But then again, I understand that governments like mine didn’t want mass panic from something which was clearly non-malicious. They were rightly saying that this was on CrowdStrike (and not directly on the state — see more on that front in Limb 3).
Also, there are no votes in cyber resilience, so there was little point in governments making themselves the face of responding to a crisis from an unforced error by a company few civilians have even heard of.
(Separately, there has been some chatter about whether the Australian Security of Critical Infrastructure Act 2018 (Cth) (‘SOCI Act’) needs reform because of this incident-non-incident. I say, ‘Nah’.)
But Don’t Forget the Core Issue Here
We can talk about the state sending in the cavalry to coordinate national incident response all we like, but I return to the issue at the heart of this incident-non-incident:
The critical software vendor should not have messed up in the first place (as argued in Limb 1).
Folks, if you follow me on social media, you will see my regularly railing against the quality of software SCRM by CNI asset operators, my calling for better oversight of vendors and all that; especially with the number of SCRM regs out there, such as under the SOCI framework and CPSes 231 & 234 over here.
This is on top of the number of attacks against CNI assets via critical software products running on them (see Appendix), as well as the deteriorating threat environment for software supply chains, especially open source software (we all know about the luckily-averted xz utils debacle).
An idealist, I want CNI asset operators to be able to audit the living daylights out of their critical software vendors (that’s kinda my thesis). If they can’t perform that auditing/have it done by an independent third party, well, they might as well be trying to feel their way around in the dark with both hands tied behind their backs.
To reiterate Kevin Beaumont’s point, there is nowhere near the necessary level of transparency from cyber vendors like CrowdStrike about their code and procedures, and I’d safely assume that that can be extended to all software vendors.
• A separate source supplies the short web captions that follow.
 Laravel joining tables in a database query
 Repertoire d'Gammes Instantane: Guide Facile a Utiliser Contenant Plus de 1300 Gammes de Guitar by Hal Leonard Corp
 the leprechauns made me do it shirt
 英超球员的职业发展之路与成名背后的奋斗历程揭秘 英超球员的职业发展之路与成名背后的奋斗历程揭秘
Kinda what the European Commission argued in its impact assessment accompanying the proposal for the Cyber Resilience Act (emphasis added):
While fewer vulnerabilities in products with digital elements and more transparency on the side of manufacturers as regards the security properties and secure use of products would not eliminate such costs altogether, more secure hardware and software and better documentation and instructions could lead to a notable reduction in costs.
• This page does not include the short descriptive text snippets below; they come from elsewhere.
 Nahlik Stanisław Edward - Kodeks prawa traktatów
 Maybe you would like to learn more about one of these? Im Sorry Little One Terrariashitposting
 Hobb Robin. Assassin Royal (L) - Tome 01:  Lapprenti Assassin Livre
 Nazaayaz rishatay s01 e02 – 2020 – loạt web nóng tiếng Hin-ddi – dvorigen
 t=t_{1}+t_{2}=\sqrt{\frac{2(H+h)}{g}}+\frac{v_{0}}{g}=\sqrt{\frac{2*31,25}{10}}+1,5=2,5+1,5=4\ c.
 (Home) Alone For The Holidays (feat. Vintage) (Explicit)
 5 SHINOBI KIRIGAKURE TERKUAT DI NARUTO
This incident-non-incident is pretty much on CrowdStrike for failing to adequately test what it swings into customers’ kernels, and to allow customers to review the vendor’s update procedures and make patch management decisions accordingly.
A breach of trust all the more galling, given that EDR customers are on a hiding to nothing — the solution cannot be, ‘Do not have cyber resilience controls and do not install updates from your vendor’.
Solutions, People!
So, it’s clear that more vendor transparency is required.
But how are we to attain it?
Well, while we impatiently await governments mandating that transparency from all software vendors — at least to customers that operate CNI assets — through legislative reform, one piece of low-hanging fruit is for antitrust agencies to expressly authorise CNI asset operators to collectively bargain with their vendors to ensure that the latter meet minimum SDLC hygiene and other product security requirements.
Indeed, the NCSC CTO, Ollie Whitehouse, suggested this measure to leverage market forces.
Antitrust folk justifiably identify this incident-non-incident as reflective of dangerous concentrations that are allowed to build up and jeopardise national (economic) security (the subject of Limb 3).
Which is why antitrust folk must specifically say that said collective bargaining is okay to provide certainty to CNI asset operators’ lawyers as they try to make sense of their relationships with large(r) software vendors, especially critical software vendors.
As I said, it’s low-hanging fruit.
All the more so, considering the dearth of progress on this front, as Ollie pointed out:
… how we cohere the voice of what is the accepted minimum now in these systems, I think, we have yet to go.
CNI Asset Operators Can’t Fob Off Governance to Vendors
That all said, no one has clean hands here.
CNI people can’t outsource their own cyber governance to their critical software vendors, critical dependence notwithstanding.
As someone in industry pointed out to me, all software end-users, especially in CNI sectors, ought to create robust test environments. It’s cheaper to test updates from vendors relative to commissioning and/or performing vendor auditing, which costs a lot, takes a while, is fraught and is unlikely to lead to rapid change in vendor practices. On the other hand, customers can swiftly test an update and, if it’s a dud, they can ring up the vendor who can then (fingers crossed) de-dud the update, protecting customer production environments.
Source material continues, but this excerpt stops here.